BEGIN DATASET

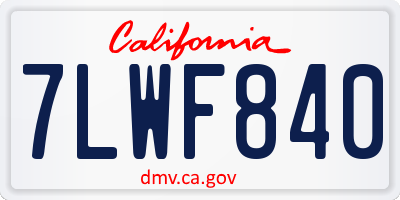CA license plate 7LWF840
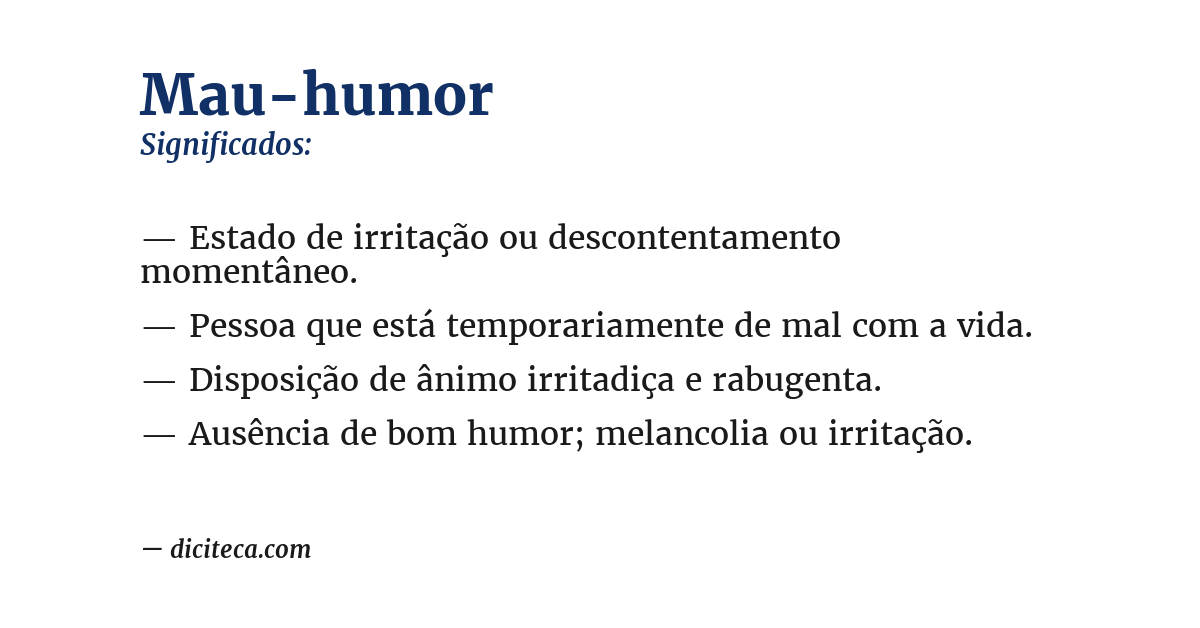 Significado de mau-humor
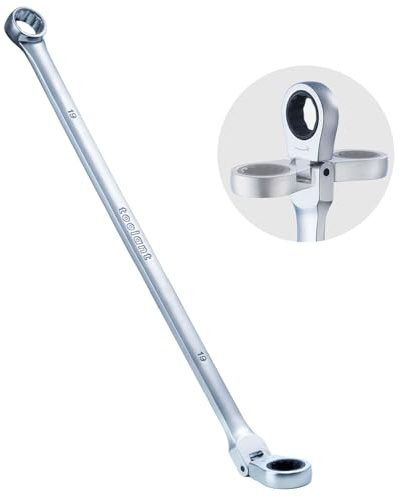 toolant Clé à cliquet extra longue, tête flexible et tête décalée fixe, clé mixte à double extrémité, acier CR-V, métrique 19 mm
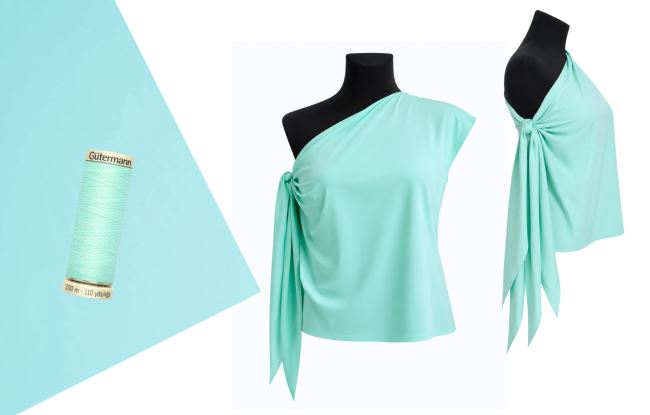 Set for sewing a summer top made of functional knitwear with ties in blue color SET68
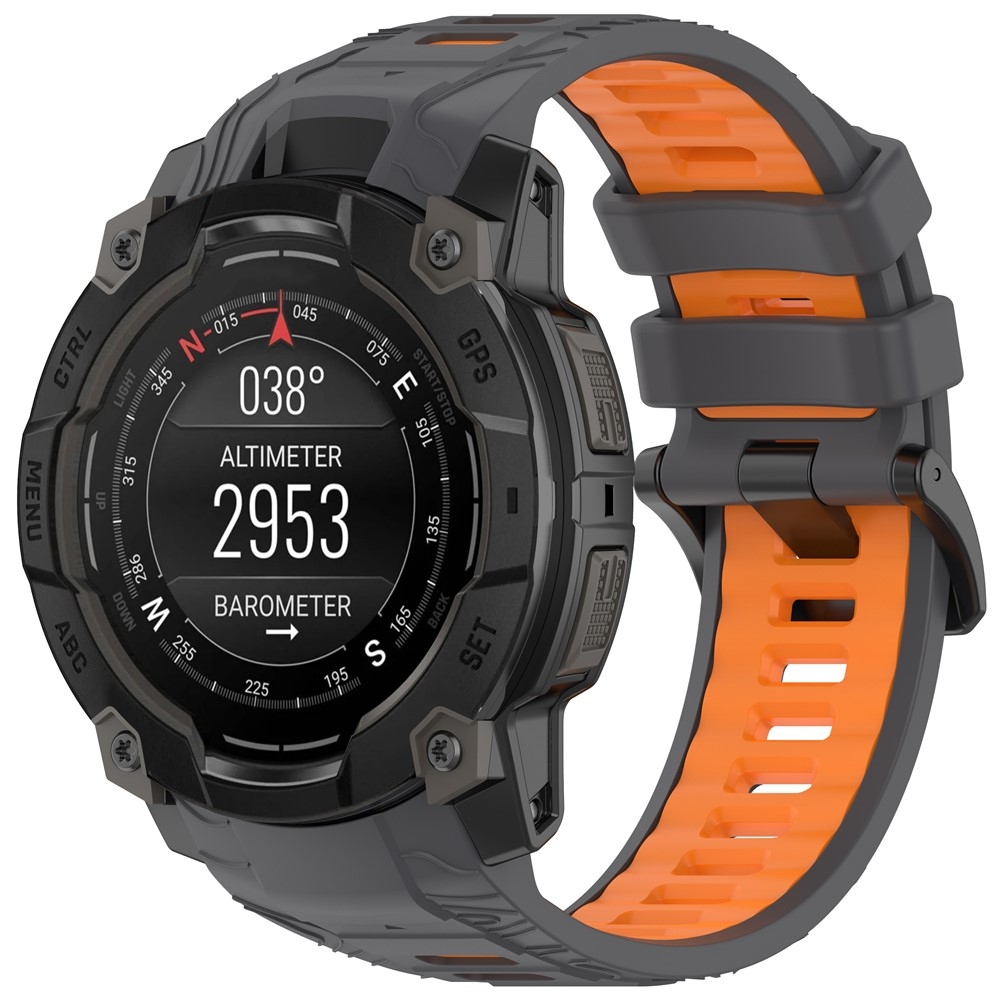 Scheme silikónový remienok 22mm na Garmin Instinct 3 45mm/Instinct 3 Solar 45mm - šedý/oranžový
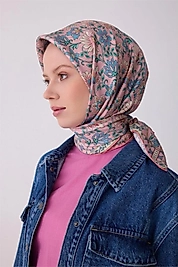 Belli Tivil Saf İpek Eşarp IST 4314 - 81 Pembe Çiçek Desen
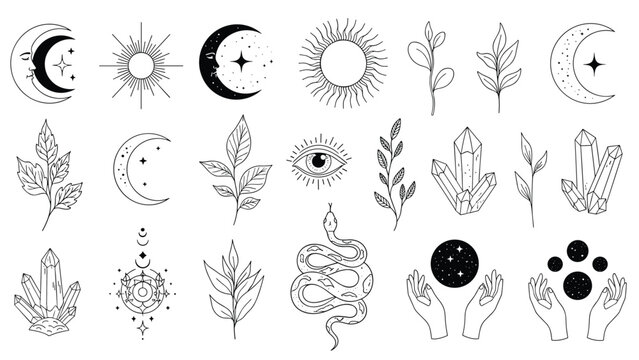 Mystical esoteric symbols collection featuring celestial sun moon stars crystals snake and magical hands in delicate black line art.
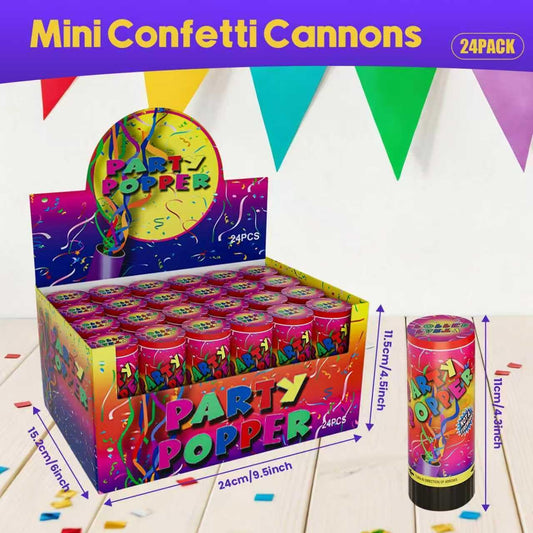 Mini Confetti Cannons 24 Pack Colorful Party Poppers Perfect for Weddings, Birthdays, Graduations, Baby Showers & Holiday Celebrations Fun & Vibrant Party Decorations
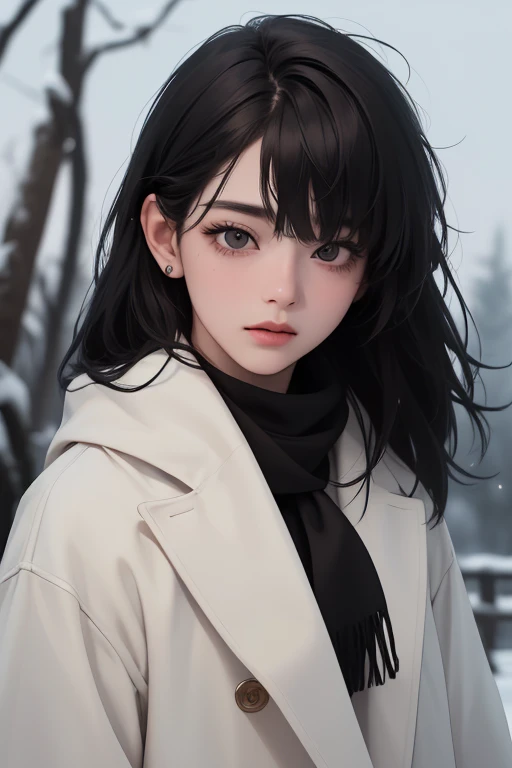 upper body, (((masterpiece)), best quality, 8K resolution, Semi-realistic, cinematic lighting, beautiful detailed eyes), above view, cute, 1 woman,korean,25-year-old,((Blunt bangs)) medium straight hair, black eyes, digital art,detailed clothes, ((winter n...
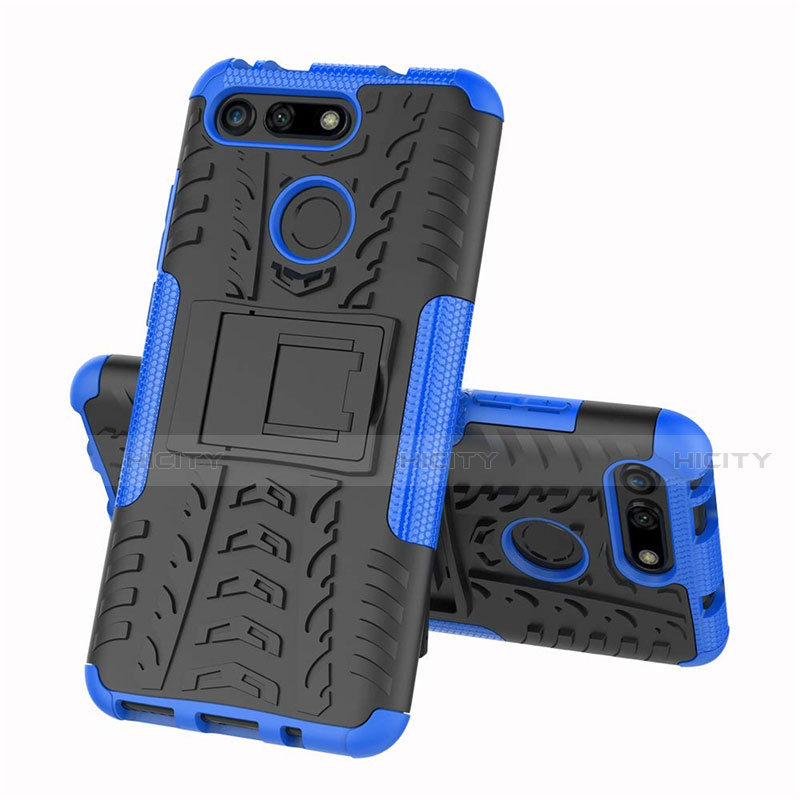 Custodia Silicone e Plastica Opaca Cover con Supporto R03 per Huawei Honor V20 Blu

END DATASET

WHAT THE TASK ASKS:
For this task, give again exactly the lines from the line with "Mini Confetti Cannons" through the end of the entries, including both ends, and omit the pictures.

FINISHED EXERCISE:
 Mini Confetti Cannons 24 Pack Colorful Party Poppers Perfect for Weddings, Birthdays, Graduations, Baby Showers & Holiday Celebrations Fun & Vibrant Party Decorations
 upper body, (((masterpiece)), best quality, 8K resolution, Semi-realistic, cinematic lighting, beautiful detailed eyes), above view, cute, 1 woman,korean,25-year-old,((Blunt bangs)) medium straight hair, black eyes, digital art,detailed clothes, ((winter n...
 Custodia Silicone e Plastica Opaca Cover con Supporto R03 per Huawei Honor V20 Blu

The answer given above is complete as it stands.